Sur un marché en déclin, la Sica Bio Pays Landais a perdu 20 % de son chiffre d'affaires en trois ans. Mais la force du collectif lui a permis de résister et de poursuivre son activité. La plateforme de distribution de fruits, légumes et épicerie bio cherche même de nouveaux producteurs.

« Tout ce qui pousse sous nos latitudes, on le propose », assure le directeur Michel Bonadeo

« Tout ce qui pousse sous nos latitudes, on le propose », assure le directeur Michel Bonadeo© Patxi Beltzaiz / Hans Lucas

À en croire les sondages, les consommateurs cherchent à manger sain, durable et local. Mais lorsque leur pouvoir d’achat est mis à mal, l’alimentation devient la principale variable d’ajustement de leur budget et ils se replient instinctivement vers les premiers prix. Bio Pays Landais en a fait les frais. Le chiffre d’affaires de la plateforme de distribution de fruits, légumes et épicerie bio installée à Saint-Geours-de-Maremne est passé de 22 millions d’euros en 2020 à 18 millions d’euros en 2023. Moins 20 % en trois ans !

« Les ventes ont commencé à décrocher en octobre 2021, indique Michel Bonadeo, cogérant directeur de la Société d’intérêt collectif agricole (Sica). Mais c’est le conflit en Ukraine, fin février 2022, qui a accéléré le processus. Dès que les médias ont commencé à parler d’inflation, et avant même que les étiquettes n’augmentent réellement, on a ressenti un fort ralentissement de la consommation. »

25 ANS D’EXISTENCE

Heureusement, Bio Pays Landais a une assise solide. La Sica est née en 1999 à Saint-Jean-de-Marsacq dans un hangar de 120 m². À l’époque, une quinzaine de producteurs bio créent un service commercial et logistique capable de regrouper l’ensemble des fruits et légumes bio produits dans les Landes pour les mettre à disposition de tous les circuits de distribution de la région. Après des débuts anecdotiques, le succès est tel que Bio Pays Landais est obligé de déménager pour assurer la logistique des commandes. Elle loue un entrepôt de 700 m² à Saint-Vincent-de-Tyrosse en 2005, avant de s’installer dans le parc d’activités Atlantisud de Saint-Geours-de-Maremne en 2011, dans un bâtiment financé avec le concours du conseil départemental.

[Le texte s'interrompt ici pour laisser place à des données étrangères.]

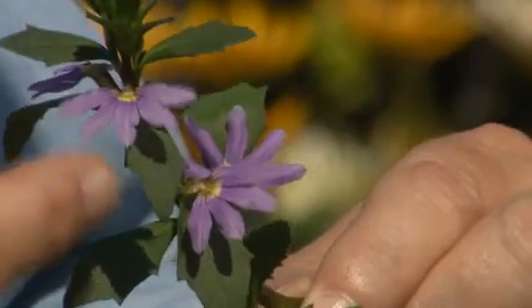The common name fanflower comes from the distinctive shape of the flower. It's rather unique.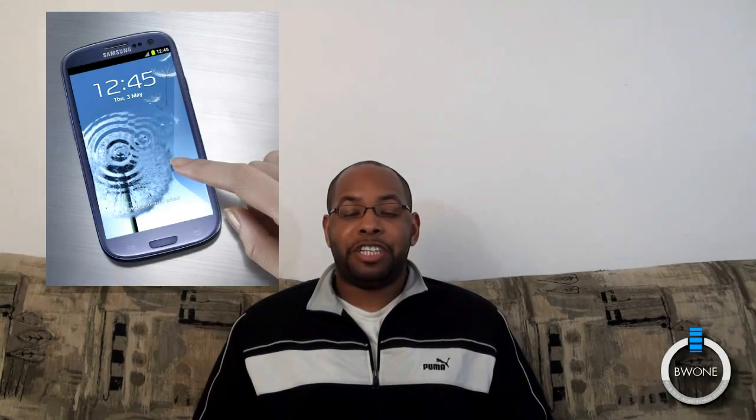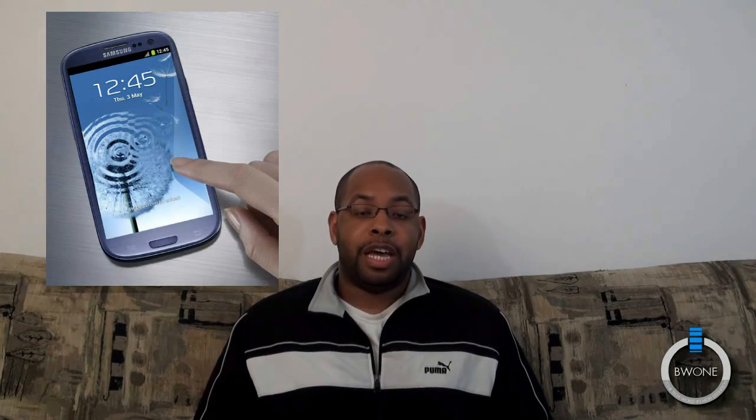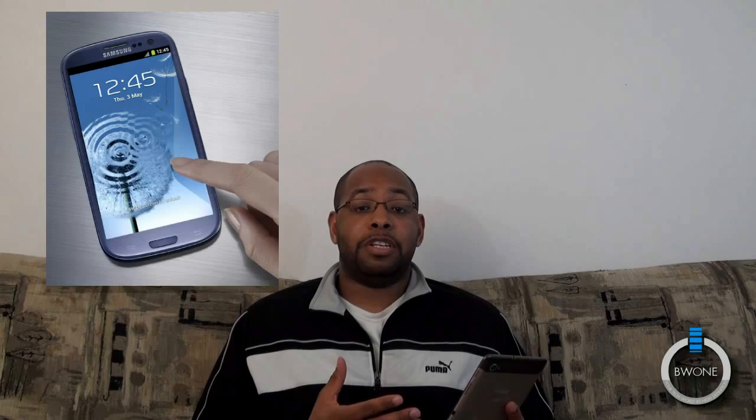Bowman here from BW1.com, and today, finally, Samsung has announced the Galaxy S3, the third generation in the Galaxy S lineup of phones. I have the spec sheet here. We're going to go over all the key specs for the device, and we're going to see: is it better than the HTC One X, that's currently pretty much the best Android front-end smartphone available right now?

Aujourd’hui, après un agrandissement en 2019, la Sica mène ses activités dans 5 000 m² de locaux et de bureaux. Elle regroupe une centaine de producteurs de Nouvelle-Aquitaine et d’Occitanie. « Tout ce qui pousse sous nos latitudes, on le propose ! Chacun des producteurs s’attache à développer le ou les produits pour lesquels il a le meilleur terroir afin d’obtenir une production de qualité. Nous avons également recours à quelques produits hors région pour répondre au mieux à la demande de nos clients. » C’est le cas notamment pour les agrumes d’Espagne en hiver.

© Patxi Beltzaiz / Hans Lucas

Née dans un hangar de 120 m2 à Saint-Jean-de-Marsacq en 1999, la Sica mène aujourd’hui ses activités dans 5 000 m2 de locaux et de bureaux à Saint-Geours-de-Maremne. © Patxi Beltzaiz / Hans Lucas

67 ÉQUIVALENTS TEMPS PLEIN

Comme les produits commercialisés, l’activité est très saisonnalisée. « Février est un mois creux, le plus bas en chiffre d’affaires. A contrario, avril est le mois où nous réalisons nos meilleures ventes grâce aux asperges. Août, pour sa part, est le plus gros mois en tonnage. »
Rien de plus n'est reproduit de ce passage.